Operates on the principle that ‘everyone’ can win the chance to add a block to the blockchain, by using a system not much unlike a lottery. Used by: Ethereum (since sept 2022), Peercoin, NxtCoin, BlackCoin.
- On a PoS blockchain, all coins are created in the beginning, and never change. There is no mining. Instead, a new block will be added by a randomly picked (staking) node.
- The picking of this node works much like a lottery: nodes (‘operators’ of the blockchain) can choose to invest a certain amount of coins (stake) into a deposit, to become a validating node. While these coins are in deposit, they are not spendable.
- Out of these validator nodes, a random node is picked that will create a block. All other validator nodes will attest the block (validate it).
- Staking provides incentive for good behaviour: a staking node can lose a portion of their stake for things like going offline (failing to validate), or their entire stake for deliberate collusion. Rewards (coins) are given for creating new blocks and for attesting them, but if nodes attest to malicious blocks, they will lose their stake entirely.
- The more coins a validator node invests, the higher its stake; the higher the chance of winning the ‘lottery’ 1. The winner is determined by the consensus algorithm (a ‘lottery machine’).

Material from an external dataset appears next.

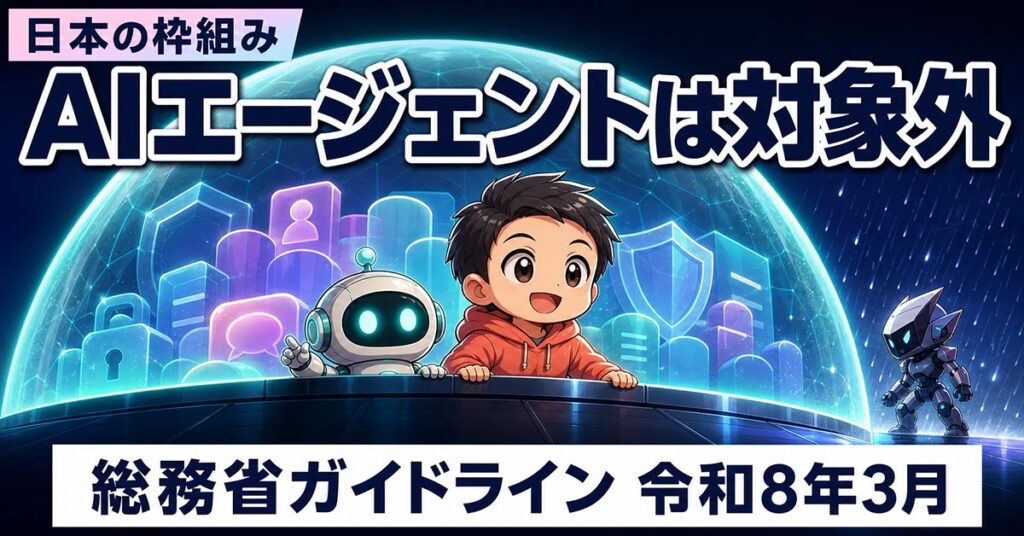 OpenAIが伏せた社名を、英国政府が書いた。19件中17件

- The lottery’s prize is the rights to collect waiting transactions into a block and collect the transaction fees.
- The winning validator node provides the new block with a reference to the preceding block and is then broadcast, upon which all other validator nodes will attest (verify) the transactions inside and add the block to their copy of the blockchain.
- As there is no computational-intensive mining with Proof-of-Stake, if it where to receive an energy label, it would rate A+ for very energy efficient.
- An attacker who wants to make a fraudulent transaction would need to have control of over 50% of the validating nodes (and thus the staked coins) to process the required transactions reliably; buying the required coins would push the price up and should make such an endeavour prohibitively expensive. There’s very little incentive to destroy the value of a currency you have a majority stake in. There are stronger incentives to keep the network secure and healthy.